Maybe we were told we weren’t “good enough” at something, or perhaps we had to play it safe to avoid disappointment.

These moments, however brief, can leave lasting imprints that shape our beliefs.

According to Attachment Theory, our early relationships can profoundly impact our sense of safety and autonomy.

If we were often criticised or felt unsupported in taking risks, we may have developed self-imposed boundaries as a form of self-protection.

Exercise:

Reflect on a time when you felt limited or judged in the past.

How might that experience have influenced the beliefs you hold today?

Understanding these origins doesn’t mean dwelling on the past, but it can give us a starting point for healing and growth.
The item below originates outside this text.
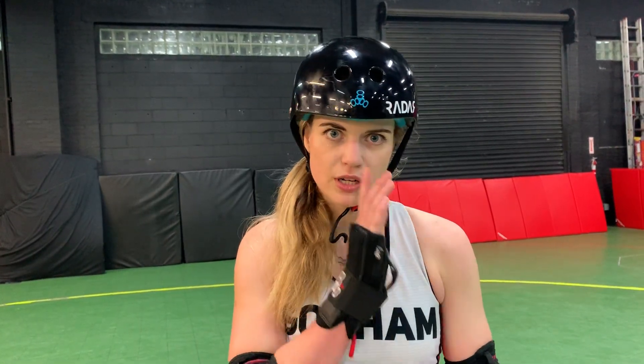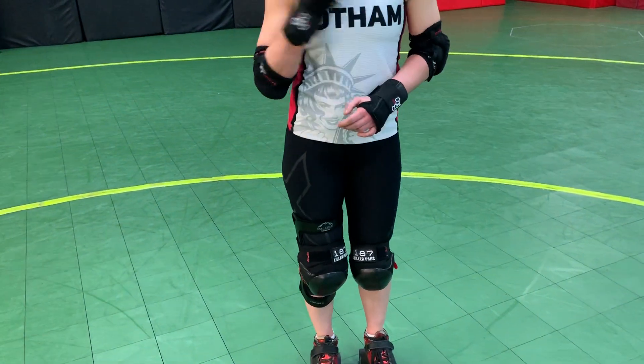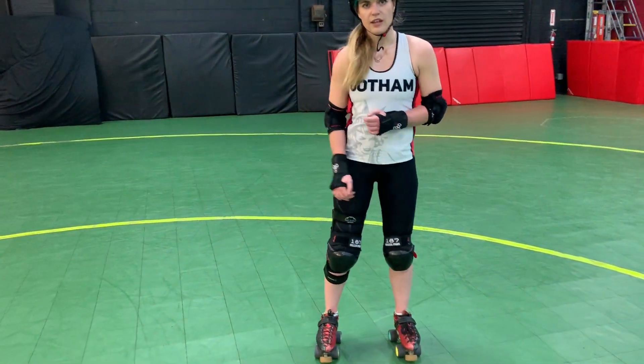Okay, so I'm gonna show you — skating the apex and holding a position. The first pass, I'm gonna show you by getting low and sticking your leg out this way. Then on my second pass, I'm gonna do the opposite one where my leg is over here and my foot is out that way.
Identifying Your Current Strengths: Are You Ready to Push the Fence?

It’s easy to overlook just how much we’ve grown and how many resources we now have.

Often, these self-imposed boundaries were created during times when we felt vulnerable, and we may not realise just how capable we’ve become since then.
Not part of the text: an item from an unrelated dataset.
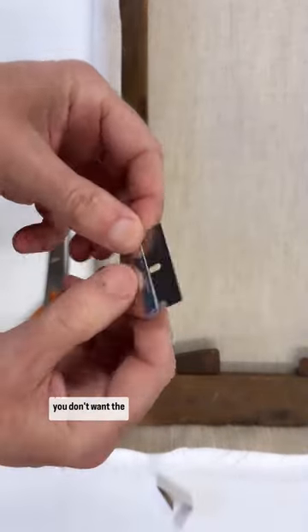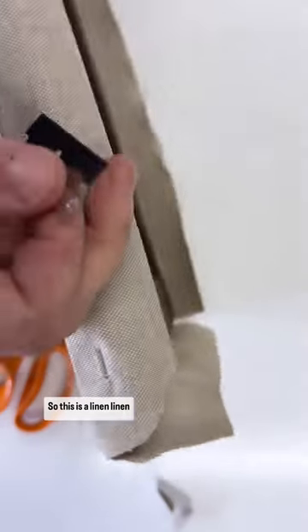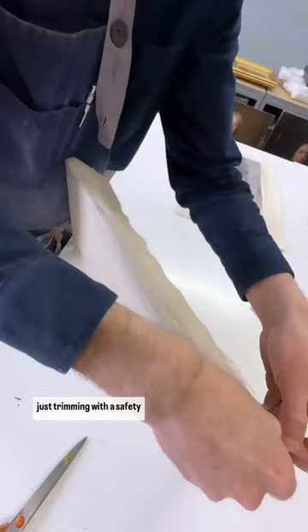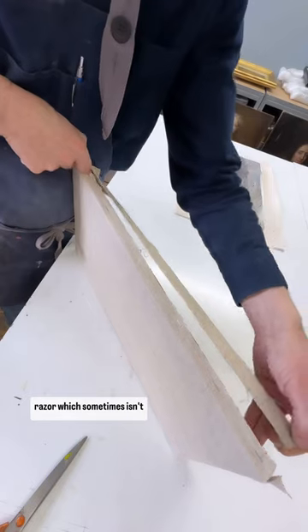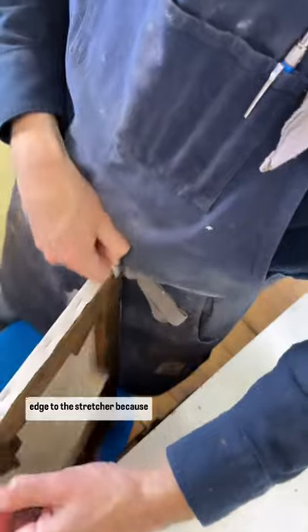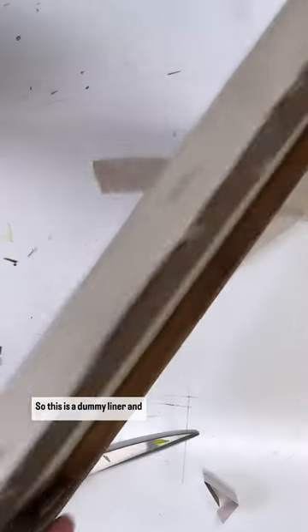A dummy liner is used when you don't want the restoration work to be seen from the back of the painting. This is a linen blend, stapled to the stretcher. This is really just trimming with a safety razor — which sometimes isn't safe — but it cuts through nicely and gives a nice tidy edge to the stretcher, because I don't want too much excess fabric on the back for when the painting gets stretched over the front. So that's the dummy liner and how I tidied it up.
Growth Mindset Theory tells us that by viewing ourselves as flexible and adaptive, we open the door to new possibilities.

Recognising our strengths can be an empowering way to challenge old beliefs.

Exercise:

Make a list of strengths you possess today that you didn’t have when your self-imposed boundaries were created.

This could be skills, relationships, coping mechanisms, or any form of support you’ve developed.

Revisit this list whenever you feel held back as a reminder of your readiness to step beyond the old “fence.”

Related Blog: Why a Growth Mindset is Crucial for Achieving Your Goals and Enjoying Life

Practicing New Patterns – Challenging and Expanding Your Boundaries

Once we’ve recognised our self-imposed boundaries, it’s time to gently test them.

Start with small, manageable actions that push you a little beyond your comfort zone.

The goal is to begin rewiring your mind to see that these boundaries are flexible, not fixed.

Behavioural Activation, a strategy used in CBT, involves taking small, positive actions to influence our thoughts and beliefs.

By gradually testing our boundaries, we can start breaking down limiting beliefs.

Exercise:

Set a weekly “stretch goal”, something slightly outside your comfort zone.

This could be speaking up in a meeting, trying a new skill, or simply asking for something you need.

Each time you take a small action beyond the fence, you reinforce a new belief: “I am capable and ready to grow.”

Related Blog: The Real Reasons You're Feeling Stuck: 7 Psychological Roadblocks (and How to Move Forward)

Revisiting and Updating Boundaries Regularly

Our needs, values, and abilities change over time, so it’s essential to re-evaluate our boundaries periodically.

What served us at one stage may need updating at another, especially as we continue to grow.

As highlighted in Kristin Neff’s research, self-compassion is crucial for this process.

Being kind to ourselves allows us to release old boundaries without judgment, accepting that our needs evolve.

TIP:

Schedule regular “boundary check-ins”……..monthly or quarterly, to assess if any limitations feel outdated.

Are there areas where you’ve grown? If so, what new boundaries feel more aligned with your current self?

Related Blogs:

Boundaries vs. Ultimatums: How to Protect Your Well-Being Without Controlling Others

Cultivating Self-Compassion: A Guide to Kindness Within

Embracing the Open Field Beyond the Fence

Just like our puppy, who outgrew his fence but continued to sit behind it, many of us have moved beyond our initial limitations.

The fences that once kept us safe now hold us back from exploring what’s possible.

Recognising and challenging these boundaries takes courage, but the reward is a life of greater freedom and fulfilment.

As you move forward, keep asking yourself: What “fences” am I ready to move beyond?

Remember, the power to expand lies within you.

The only question is…………are you willing to step into the open field and discover what lies beyond?